GE Fanuc Intelligent Platforms will support MTConnect standard
Chicago, IL September 8 -- GE Fanuc Intelligent Platforms, a unit of GE Enterprise Solutions, announced its support of MTConnect, a new communication protocol to link machine tools from varying suppliers around the world. MTConnect will be officially launched by the Association for Manufacturing Technology (AMT) at IMTS 2008, September 8-13, 2008 in Chicago, and on display at the AMT Emerging Technology Center and at the GE Fanuc booth, A-8418, South Hall, at the show. At IMTS, GE Fanuc will demonstrate the integration of GE Fanuc CNC systems into an MTConnect Network and link multiple CNC controllers from both around the show and over the Internet to remote sites using the CIMPLICITY HMI software system.
MTConnect will enable a host of third-party solution providers to develop software and hardware to make the entire manufacturing enterprise more productive, said John Turner, engineering and solutions manager for GE Fanuc Intelligent Platforms CNC business. MTConnect is designing an open communication standard for interconnectability that mirrors the success occurring in the information technology world.
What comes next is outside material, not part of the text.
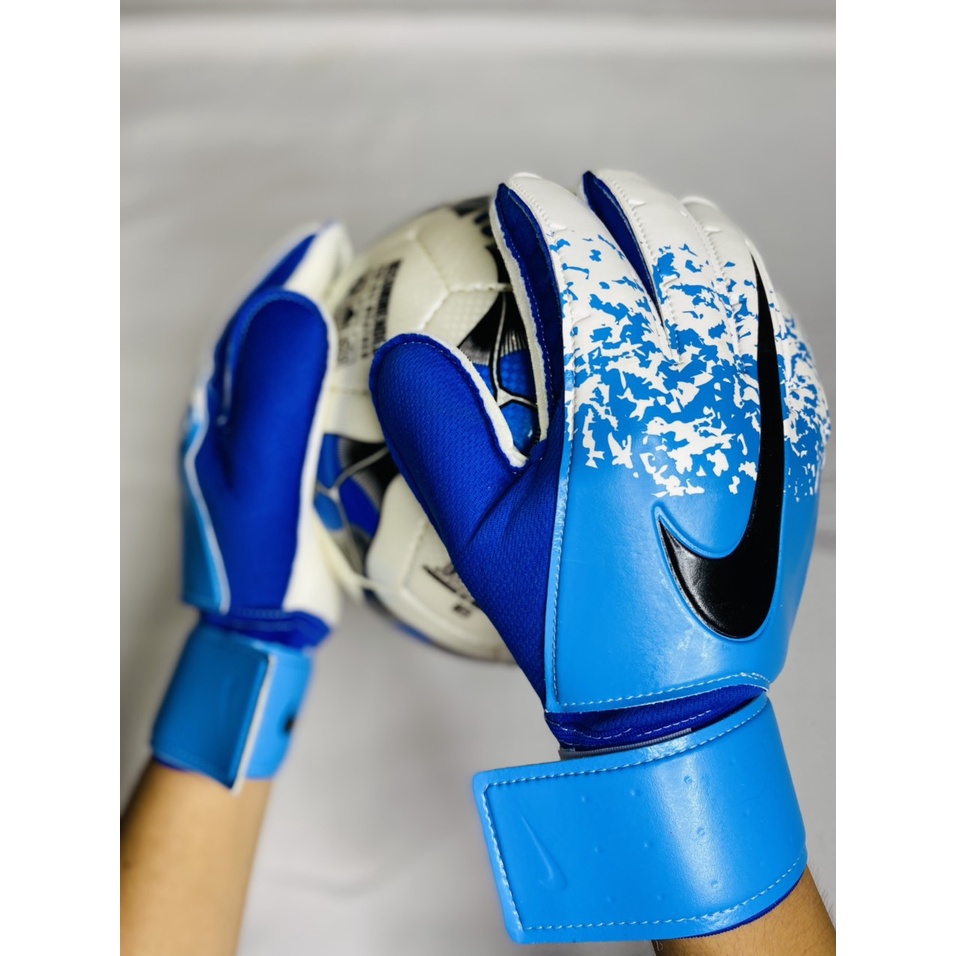 Găng Tay Thủ Môn Nik Trẻ Em Và Người Lớn Có Xương Trợ Ngón: [SHOP UY TÍN]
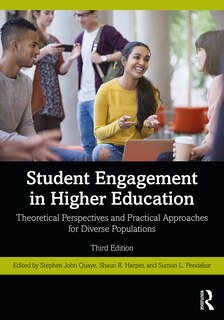 Front cover_Student Engagement In Higher Education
That is, allowing devices, equipment and systems to output data in an understandable format that can be read by any other device using the same standard format to read the data.
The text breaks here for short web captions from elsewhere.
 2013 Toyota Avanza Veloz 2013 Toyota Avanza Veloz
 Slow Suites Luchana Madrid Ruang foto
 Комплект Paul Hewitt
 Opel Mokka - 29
Turner has been instrumental in championing the creation of MTConnect from its early stages and in the development of the protocol itself. He has worked closely with other industry influencers as part of AMTs Technical Issues Committee, and later as a member of the MTConnect Technical Advisory Group. In this role, Turner has contributed to the definition of the protocol, communicated its value to the machine-tool-builder and end-user communities, and worked to ensure an open and available architecture that would aid in its wide scale adoption.
MTConnect is based on XML (Extensible Markup Language), which offers widely recognized and accepted flexible representation for exchanging semi-structured machine-readable data. The standard will be open and royalty-free to insure the widest possible acceptance and utility. MTConnect will use commercially available technologies as its basis and will provide royalty-free reference implementations of sample software which can be used as-is, modified to suit special needs, reverse-engineered or included in users' own software systems. This approach allows connectivity from the lowest end of the process chain, nearest the workpiece or shop floor, to the highest design or process planning tools.
The protocol will be rolled out in three phases:
Phase One of the protocol, which is what will be showcased at IMTS 2008, provides the connection between devices through CNCs and the capability of sharing data between them. It allows users to build an application that can interpret the information coming from a wide variety of devices. The application can query another, find out what type of tool it is, and what it is designed to do.
In Phase Two, users will have the ability to write data that is being discovered and shared between devices. The host system would be in charge of sending out the queries between devices and monitoring what each is doing and what data each is collecting. This system will be able to control certain aspects of the CNC remotely including starting/stopping operations and providing setup information on parts, fixturing, tooling, etc.
In Phase Three, and this is the most exciting part of the future of MTConnect, said Turner, we will no longer need to rely on a host system. Information will be shared, collected and controlled across multiple devices, similar to how it is done in a USB hub. The CNC now becomes part of a network that is defined at the machine. This will allow machine-tool builders to build entire applications on top of connection protocols that are already in place for nearly every conceivable type of device.